*DIRECTIONS*: Write out each line of the material below once more, exactly as it appears.

· · · · · · ·

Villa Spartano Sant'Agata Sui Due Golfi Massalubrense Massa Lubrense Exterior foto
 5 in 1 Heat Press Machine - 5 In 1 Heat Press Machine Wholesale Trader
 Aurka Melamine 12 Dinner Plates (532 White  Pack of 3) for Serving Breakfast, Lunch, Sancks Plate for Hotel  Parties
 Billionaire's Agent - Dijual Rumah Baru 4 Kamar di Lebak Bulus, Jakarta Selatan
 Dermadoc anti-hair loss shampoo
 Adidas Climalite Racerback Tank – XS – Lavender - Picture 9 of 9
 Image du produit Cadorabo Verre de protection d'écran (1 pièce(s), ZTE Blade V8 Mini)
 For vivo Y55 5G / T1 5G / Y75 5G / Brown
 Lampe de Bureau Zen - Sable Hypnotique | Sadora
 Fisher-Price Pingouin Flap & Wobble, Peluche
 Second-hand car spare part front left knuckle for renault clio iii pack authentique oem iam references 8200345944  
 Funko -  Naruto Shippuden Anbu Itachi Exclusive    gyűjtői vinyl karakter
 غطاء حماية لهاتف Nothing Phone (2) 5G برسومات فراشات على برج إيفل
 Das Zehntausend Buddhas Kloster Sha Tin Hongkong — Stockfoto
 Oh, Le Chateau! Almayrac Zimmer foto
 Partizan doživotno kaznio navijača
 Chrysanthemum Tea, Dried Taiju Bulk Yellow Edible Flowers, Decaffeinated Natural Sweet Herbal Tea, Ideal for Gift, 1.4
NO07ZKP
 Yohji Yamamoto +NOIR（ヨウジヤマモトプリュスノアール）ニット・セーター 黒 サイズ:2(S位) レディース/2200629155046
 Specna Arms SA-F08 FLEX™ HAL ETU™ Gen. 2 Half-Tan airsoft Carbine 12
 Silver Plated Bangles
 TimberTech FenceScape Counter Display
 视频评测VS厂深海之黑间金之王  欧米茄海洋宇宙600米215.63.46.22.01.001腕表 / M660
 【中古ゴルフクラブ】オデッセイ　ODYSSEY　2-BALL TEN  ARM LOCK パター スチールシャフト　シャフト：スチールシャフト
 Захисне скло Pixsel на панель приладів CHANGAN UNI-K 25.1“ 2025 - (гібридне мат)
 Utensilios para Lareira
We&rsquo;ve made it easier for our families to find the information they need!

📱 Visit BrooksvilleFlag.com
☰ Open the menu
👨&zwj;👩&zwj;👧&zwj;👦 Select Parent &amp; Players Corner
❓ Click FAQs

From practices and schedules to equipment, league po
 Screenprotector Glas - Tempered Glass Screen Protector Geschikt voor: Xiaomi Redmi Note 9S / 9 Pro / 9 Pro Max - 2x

· · · · · · ·

*ANSWER TO THE PROBLEM*:
Villa Spartano Sant'Agata Sui Due Golfi Massalubrense Massa Lubrense Exterior foto
 5 in 1 Heat Press Machine - 5 In 1 Heat Press Machine Wholesale Trader
 Aurka Melamine 12 Dinner Plates (532 White  Pack of 3) for Serving Breakfast, Lunch, Sancks Plate for Hotel  Parties
 Billionaire's Agent - Dijual Rumah Baru 4 Kamar di Lebak Bulus, Jakarta Selatan
 Dermadoc anti-hair loss shampoo
 Adidas Climalite Racerback Tank – XS – Lavender - Picture 9 of 9
 Image du produit Cadorabo Verre de protection d'écran (1 pièce(s), ZTE Blade V8 Mini)
 For vivo Y55 5G / T1 5G / Y75 5G / Brown
 Lampe de Bureau Zen - Sable Hypnotique | Sadora
 Fisher-Price Pingouin Flap & Wobble, Peluche
 Second-hand car spare part front left knuckle for renault clio iii pack authentique oem iam references 8200345944  
 Funko -  Naruto Shippuden Anbu Itachi Exclusive    gyűjtői vinyl karakter
 غطاء حماية لهاتف Nothing Phone (2) 5G برسومات فراشات على برج إيفل
 Das Zehntausend Buddhas Kloster Sha Tin Hongkong — Stockfoto
 Oh, Le Chateau! Almayrac Zimmer foto
 Partizan doživotno kaznio navijača
 Chrysanthemum Tea, Dried Taiju Bulk Yellow Edible Flowers, Decaffeinated Natural Sweet Herbal Tea, Ideal for Gift, 1.4
NO07ZKP
 Yohji Yamamoto +NOIR（ヨウジヤマモトプリュスノアール）ニット・セーター 黒 サイズ:2(S位) レディース/2200629155046
 Specna Arms SA-F08 FLEX™ HAL ETU™ Gen. 2 Half-Tan airsoft Carbine 12
 Silver Plated Bangles
 TimberTech FenceScape Counter Display
 视频评测VS厂深海之黑间金之王  欧米茄海洋宇宙600米215.63.46.22.01.001腕表 / M660
 【中古ゴルフクラブ】オデッセイ　ODYSSEY　2-BALL TEN  ARM LOCK パター スチールシャフト　シャフト：スチールシャフト
 Захисне скло Pixsel на панель приладів CHANGAN UNI-K 25.1“ 2025 - (гібридне мат)
 Utensilios para Lareira
We&rsquo;ve made it easier for our families to find the information they need!

📱 Visit BrooksvilleFlag.com
☰ Open the menu
👨&zwj;👩&zwj;👧&zwj;👦 Select Parent &amp; Players Corner
❓ Click FAQs

From practices and schedules to equipment, league po
 Screenprotector Glas - Tempered Glass Screen Protector Geschikt voor: Xiaomi Redmi Note 9S / 9 Pro / 9 Pro Max - 2x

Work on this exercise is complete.